Across the six teams we studied, we found a range of video portal uses and interaction styles. We identified four different usage patterns:
- Spontaneous communication. By providing signals of “presence” and “availability,” and by eliminating start-up overhead, video portals encourage team members to converse, seek clarifications, and exchange updates. One participating team member captured the advantages quite well: “It does a pretty good job of simulating hallway conversations. A keyword catches your interest, you jump in and participate. You feel more like a team, and knowledge sharing is definitely better. This would not happen over chat or email.”
- Engagement of remote team members. A New York-based team had two members working from other locations. Both of them were fairly autonomous and did not require frequent interaction with their colleagues. However, they both found it useful to overhear conversations happening in New York. In fact, they often blocked the video and just monitored the audio. The portal kept them informed of what was happening with the product and allowed them to feel more like a part of the team.
- Handoff coordination. A network surveillance team monitors the production network round the clock in three shifts from three locations. During shift overlap, a video portal allows efficient information exchange between the shifts and provides a convenient channel for further follow-up on ongoing issues.
- Access to expertise. A user interface design team advertised their video portal to their parent organization and invited “drop-ins” for design consultation. In this way, they provided on-demand office hours. Their clientele did not need to set up appointments or send email; they just joined the video portal, and if a team member was available, initiated their query.

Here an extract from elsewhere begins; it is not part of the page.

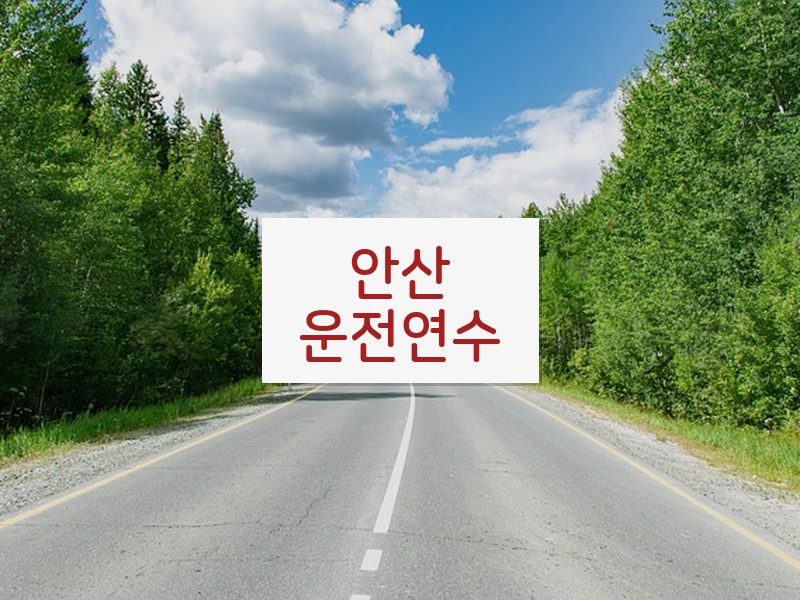 안산운전연수 후기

Other teams have moved to a similar model for consulting.
Video portal users have reported that seeing each other during the day helped maintain a cohesive team and a sense of shared identity. Research has found that this is important for developing highly effective teams.
Limitations of Videoconferencing in Remote Collaboration
We encountered two principal challenges to remote collaboration that even VC does not overcome. The first seems intractable: time zones. With team members in distant longitudes, real-time conversations require some participants to rise early or stay up late.

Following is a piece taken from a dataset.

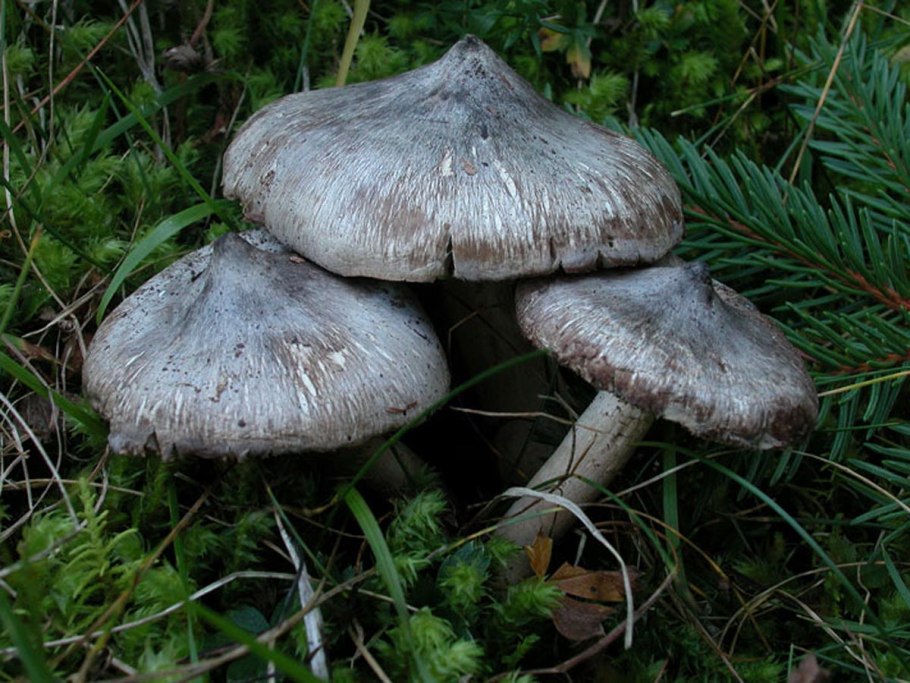 Рядовка ядовитая (Tricholoma pardinum)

The other challenge is surmountable with new technology: the low-tech whiteboard plays a key role in design collaboration, and there’s currently no effective digital equivalent available commercially. We expect to see tools emerge to fill this gap.
Unique to Google?
We were curious to know if Google is unusual in its pervasive use of videoconferencing, so we conducted an informal email poll among friends and professional contacts. We received responses from sixty-six people working at more than fifty different companies, mostly in the technology and finance sectors. Although screen-sharing was common, by far the majority of distributed meetings relied on conference call technology. None of the larger companies in our sample had a significant number of VC-equipped rooms.
Only 15 percent participated in more videoconferences than voice-only conference calls, often using Skype or Google+ Hangouts instead of specially equipped conference rooms. Nearly all of the people in this group worked for small to mid-sized companies. While this poll is inconclusive, it suggests that most companies have not embraced VC. Small, resourceful businesses may lead the way in taking advantage of the VC channel.
We found that current VC technology can help to overcome many of the challenges associated with collaborating remotely. Under optimal conditions, including easily available and easy-to-use VC, when teams have overlapping work hours, and where familiarity and trust exist, the tyranny of distance can be alleviated significantly.